● **The task**
The response should repeat word for word every line below from the one with "I’m Here for" to the one with "Penelope Dullaghan Yoga", inclusive, and nothing else; leave pictures out.

(Brief descriptive captions)
________________________
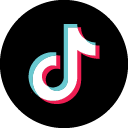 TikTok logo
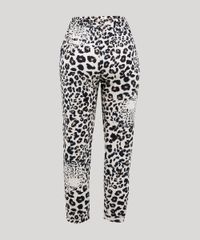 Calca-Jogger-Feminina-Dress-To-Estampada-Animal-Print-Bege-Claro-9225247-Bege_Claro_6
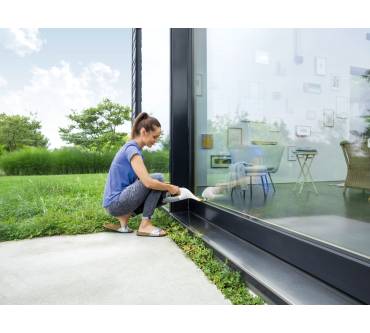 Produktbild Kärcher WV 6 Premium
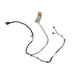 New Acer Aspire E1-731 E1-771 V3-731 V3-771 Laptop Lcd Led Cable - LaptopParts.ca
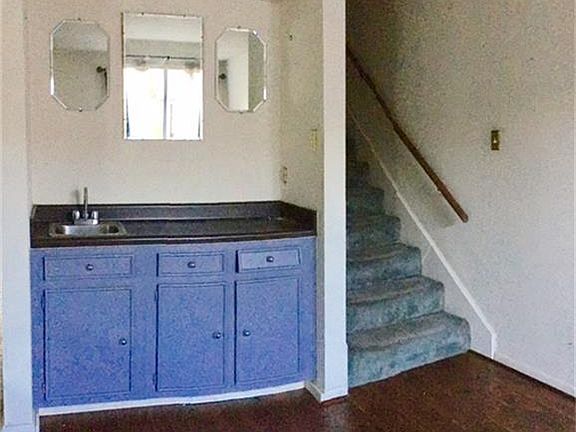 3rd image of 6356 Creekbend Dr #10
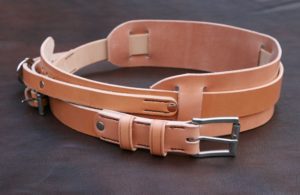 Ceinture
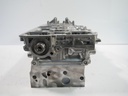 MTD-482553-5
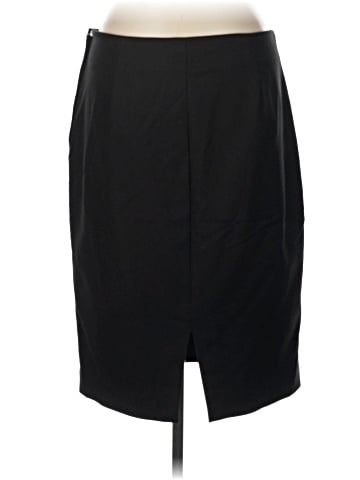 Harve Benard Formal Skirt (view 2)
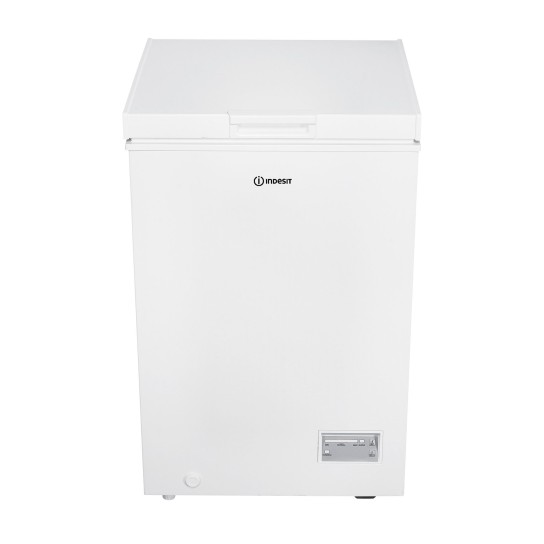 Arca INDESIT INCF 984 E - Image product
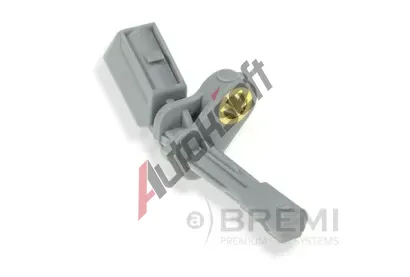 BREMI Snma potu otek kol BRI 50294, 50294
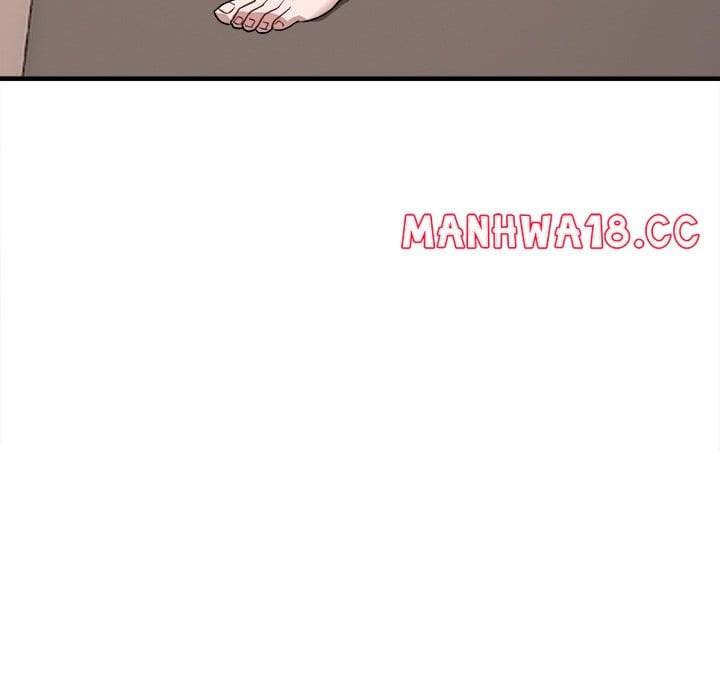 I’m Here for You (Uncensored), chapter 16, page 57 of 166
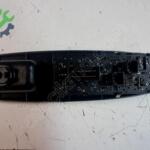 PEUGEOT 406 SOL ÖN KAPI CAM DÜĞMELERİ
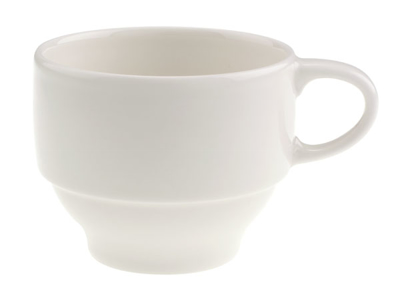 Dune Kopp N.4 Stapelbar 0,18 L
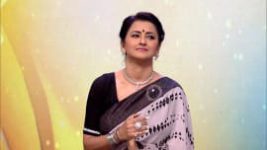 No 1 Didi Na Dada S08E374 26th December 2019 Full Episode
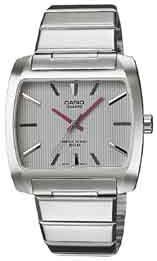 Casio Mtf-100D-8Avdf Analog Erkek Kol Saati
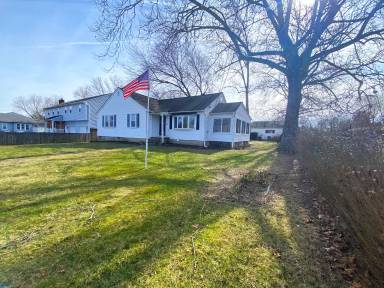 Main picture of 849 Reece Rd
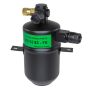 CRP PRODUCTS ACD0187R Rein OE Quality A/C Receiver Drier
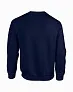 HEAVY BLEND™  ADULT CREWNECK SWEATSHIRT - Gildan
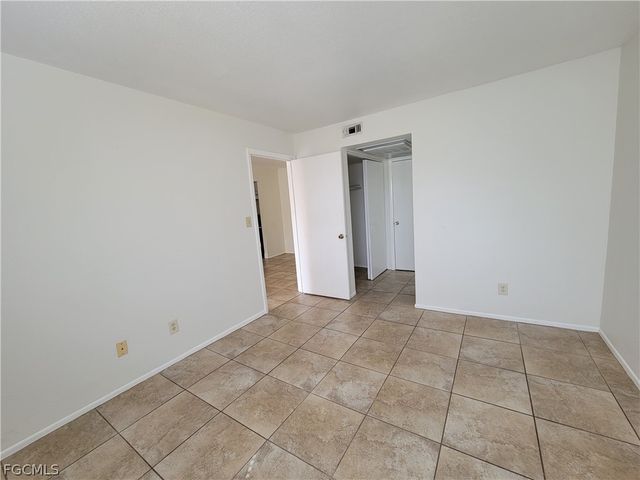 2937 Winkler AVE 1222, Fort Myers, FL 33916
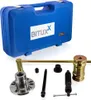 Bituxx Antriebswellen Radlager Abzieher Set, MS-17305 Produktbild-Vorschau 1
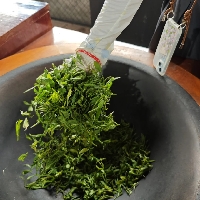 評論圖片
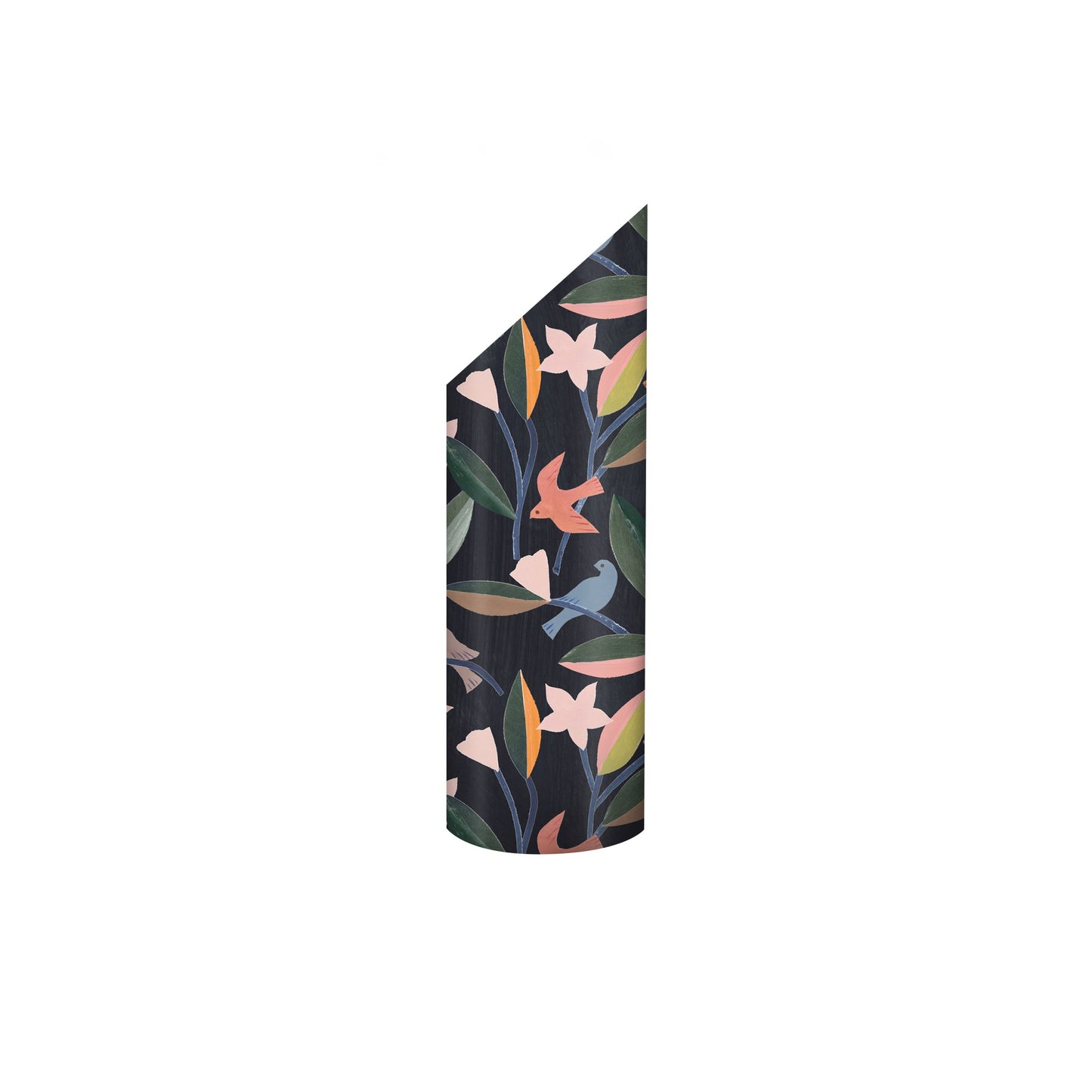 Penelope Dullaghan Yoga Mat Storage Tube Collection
________________________
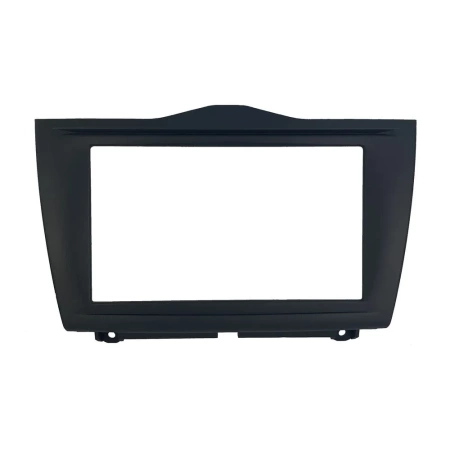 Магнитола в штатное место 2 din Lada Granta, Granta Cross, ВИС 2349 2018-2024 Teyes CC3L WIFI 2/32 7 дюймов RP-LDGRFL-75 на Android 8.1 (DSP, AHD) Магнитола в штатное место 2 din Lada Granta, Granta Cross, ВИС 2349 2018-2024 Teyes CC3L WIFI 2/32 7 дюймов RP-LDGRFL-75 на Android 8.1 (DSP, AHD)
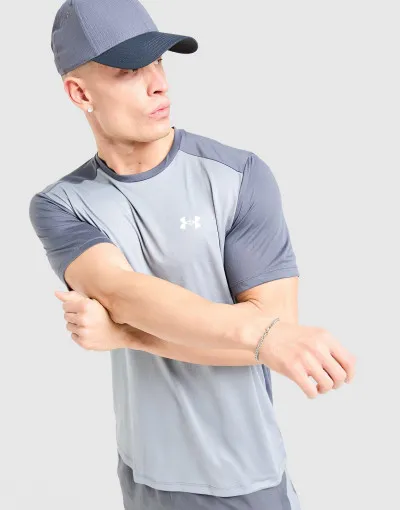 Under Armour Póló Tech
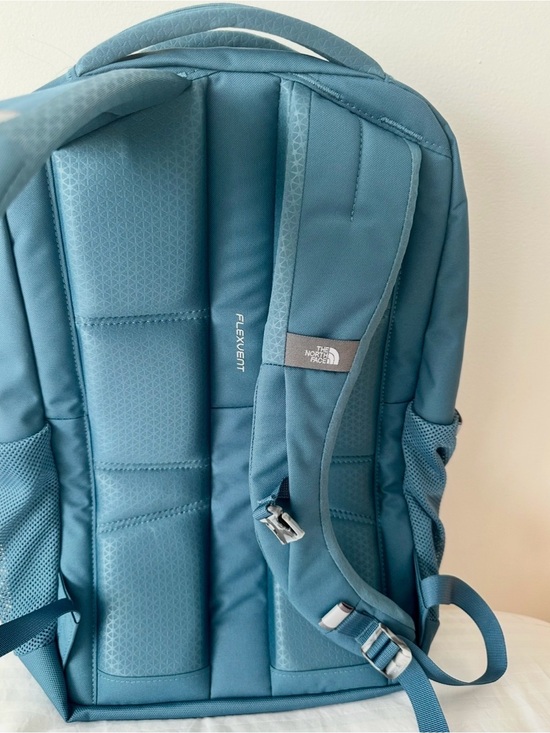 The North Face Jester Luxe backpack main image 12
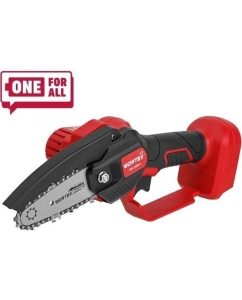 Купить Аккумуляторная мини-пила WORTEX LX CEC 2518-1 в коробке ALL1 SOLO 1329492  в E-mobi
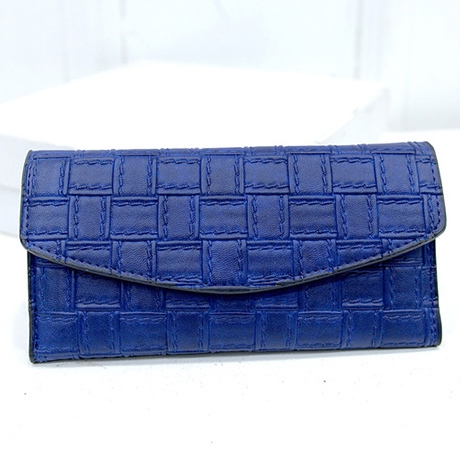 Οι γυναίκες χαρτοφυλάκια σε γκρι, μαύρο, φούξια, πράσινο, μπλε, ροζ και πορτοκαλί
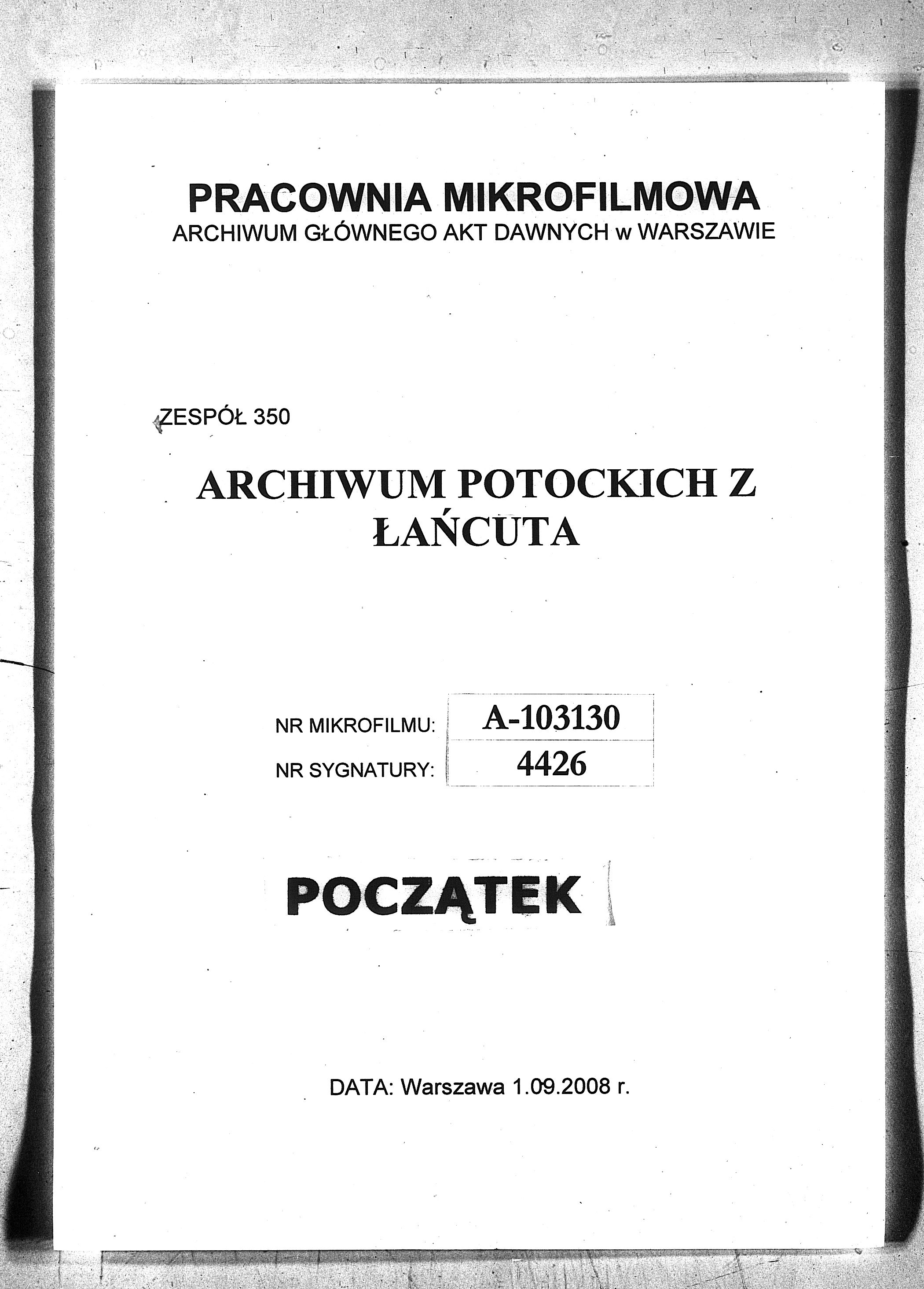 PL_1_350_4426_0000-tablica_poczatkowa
________________________
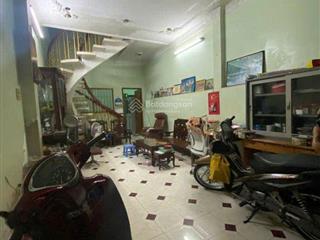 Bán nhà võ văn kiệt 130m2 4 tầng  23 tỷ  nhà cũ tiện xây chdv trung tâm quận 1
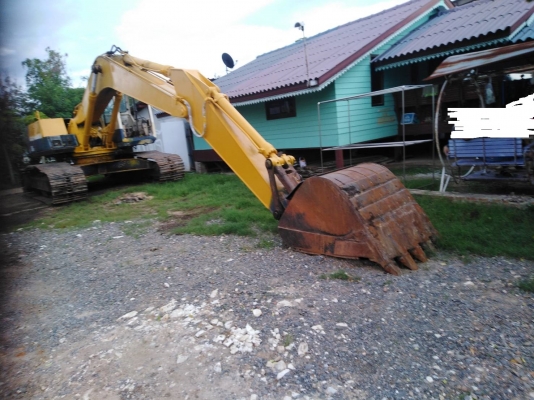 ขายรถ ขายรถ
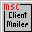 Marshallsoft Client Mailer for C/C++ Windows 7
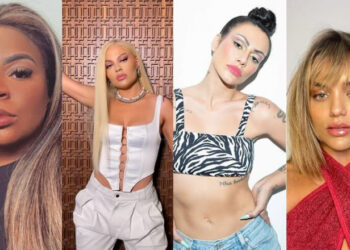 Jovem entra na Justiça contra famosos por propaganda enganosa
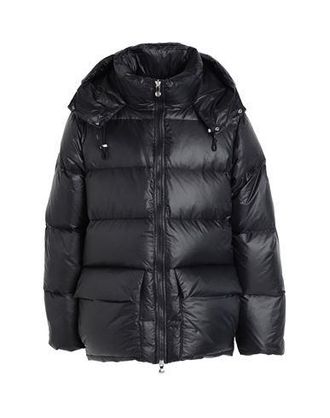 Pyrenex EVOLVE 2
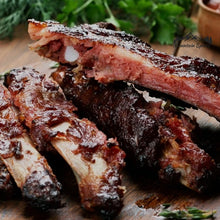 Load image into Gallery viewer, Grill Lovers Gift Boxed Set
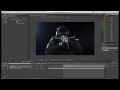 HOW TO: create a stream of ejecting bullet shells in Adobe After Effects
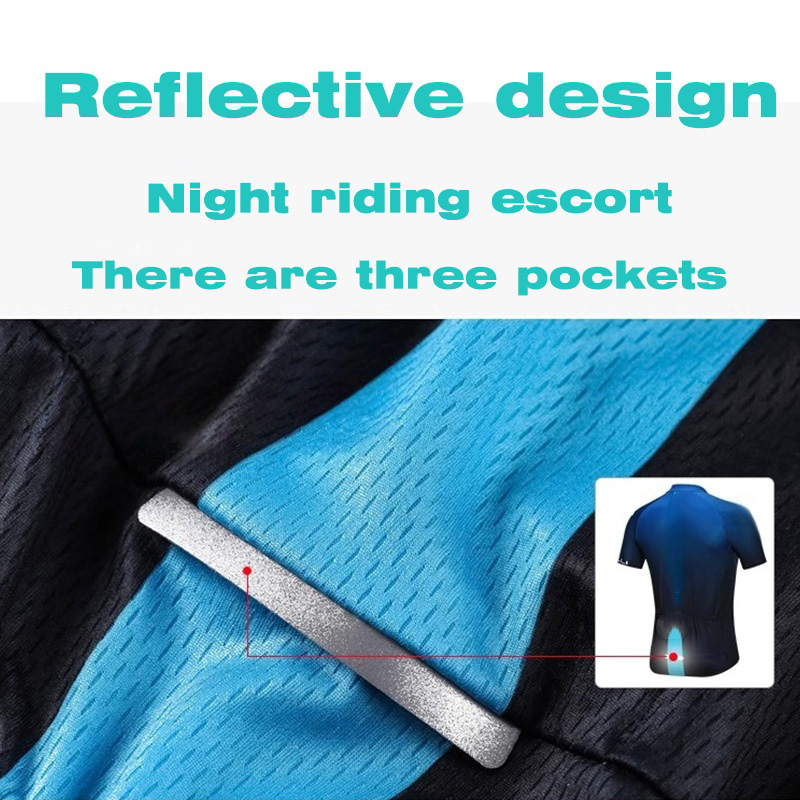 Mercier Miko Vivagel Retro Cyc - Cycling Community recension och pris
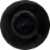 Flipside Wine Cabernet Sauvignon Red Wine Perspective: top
________________________
● **Response box**
 I’m Here for You (Uncensored), chapter 16, page 57 of 166
 PEUGEOT 406 SOL ÖN KAPI CAM DÜĞMELERİ
 Dune Kopp N.4 Stapelbar 0,18 L
 No 1 Didi Na Dada S08E374 26th December 2019 Full Episode
 Casio Mtf-100D-8Avdf Analog Erkek Kol Saati
 Main picture of 849 Reece Rd
 CRP PRODUCTS ACD0187R Rein OE Quality A/C Receiver Drier
 HEAVY BLEND™  ADULT CREWNECK SWEATSHIRT - Gildan
 2937 Winkler AVE 1222, Fort Myers, FL 33916
 Bituxx Antriebswellen Radlager Abzieher Set, MS-17305 Produktbild-Vorschau 1
 評論圖片
 Penelope Dullaghan Yoga Mat Storage Tube Collection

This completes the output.